You can choose to expose different levels of information in your HTML source. If you have more than a moderate amount of content, you’ll probably want to just expose the top level links as in the first example and let the users of your data dig deeper. You’ll also note that you can (and should) attach a license to your data.

A number of namespaces are recognised as well as a WordPress vocabulary.


$triplify['namespaces']=array(
'vocabulary'=>'http://sdp.iasi.rdsnet.ro/semantic-wordpress/vocabulary/',
'rdf'=>'http://www.w3.org/1999/02/22-rdf-syntax-ns#',
'rdfs'=>'http://www.w3.org/2000/01/rdf-schema#',
'owl'=>'http://www.w3.org/2002/07/owl#',
'foaf'=>'http://xmlns.com/foaf/0.1/',
'sioc'=>'http://rdfs.org/sioc/ns#',
'sioctypes'=>'http://rdfs.org/sioc/types#',
'dc'=>'http://purl.org/dc/elements/1.1/',
'dcterms'=>'http://purl.org/dc/terms/',
'skos'=>'http://www.w3.org/2004/02/skos/core#',
'tag'=>'http://www.holygoat.co.uk/owl/redwood/0.1/tags/',
'xsd'=>'http://www.w3.org/2001/XMLSchema#',
'update'=>'http://triplify.org/vocabulary/update#',
);

So, what’s the point in doing this? Well, it’s fairly trivial and if you think that structured, linked, machine-readable licensed data is a Good Thing, why not?  The Triplify website lists an number of advantages:

Such a triplification of your Web application has tremendous advantages:

  • The installations of the Web application are better found and search engines can better evaluate the content.
  • Different installations of the Web application can easily syndicate arbitrary content without the need to adopt interfaces, content representations or protocols, even when the content structures change.
  • It is possible to create custom tailored search engines targeted at a certain niche. Imagine a search engine for products, which can be queried for digital cameras with high resolution and large zoom.

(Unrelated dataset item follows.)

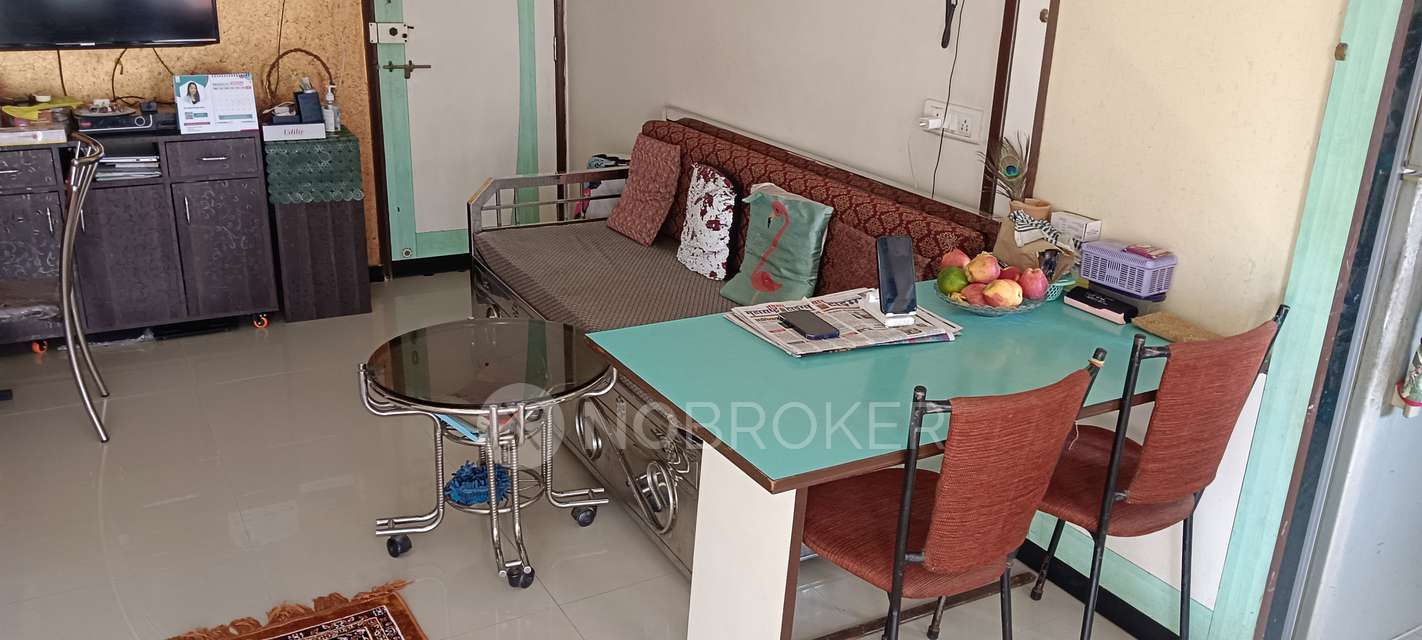 1 BHK Flat In Siddhivinayak Niwara For Sale  In Lower Parel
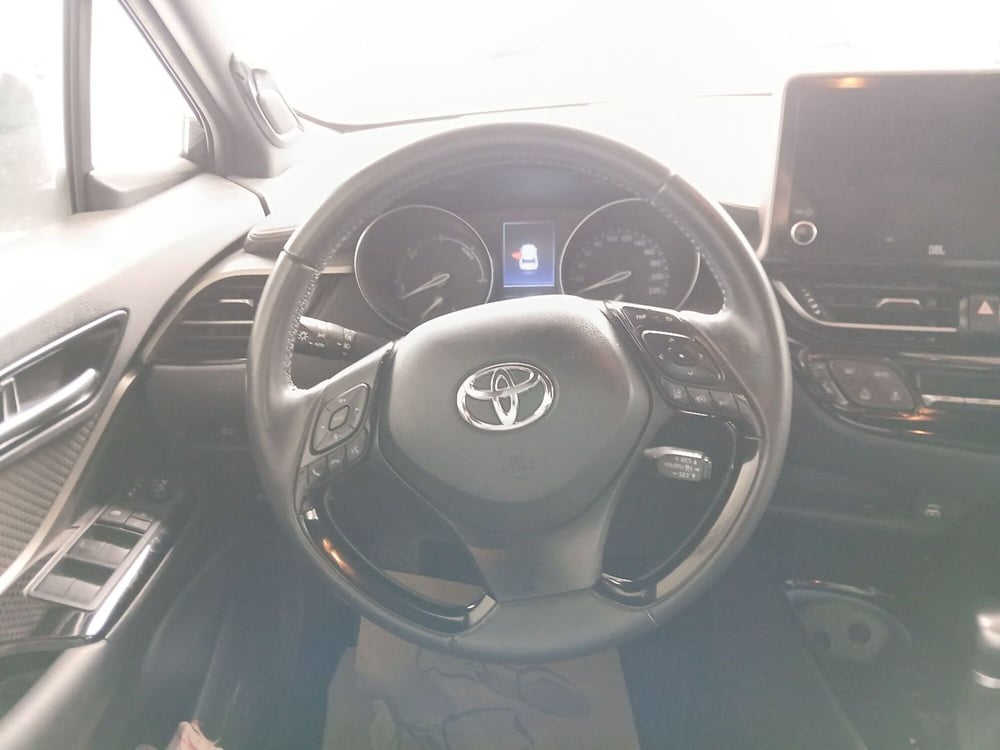 Toyota Toyota C-HR usata a Latina (13)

Ultimately, a triplification will counteract the centralization we faced through Google, YouTube and Facebook and lead to an increased democratization of the Web

The vision of the semantic web and semantic publishing is one of meaningfully identifying objects (and people) on the Internet and showing their relationships. This should improve searches for things on the web, but also improve how we exchange knowledge, re-use information and help clarify our identity on the web, too. It’s an ambitious task, but made easier with tools like Triplify.  The semantic web also raises questions over individual privacy and, if data is well formed and accessible, it may be easier to control and therefore censor. The creator of Triplify recently gave a technical presentation on Triplify and how it is being used to publish data collected by the OpenStreetMap project. It shows how geodata exposed in this way can result in mashup applications that directly benefit you and me.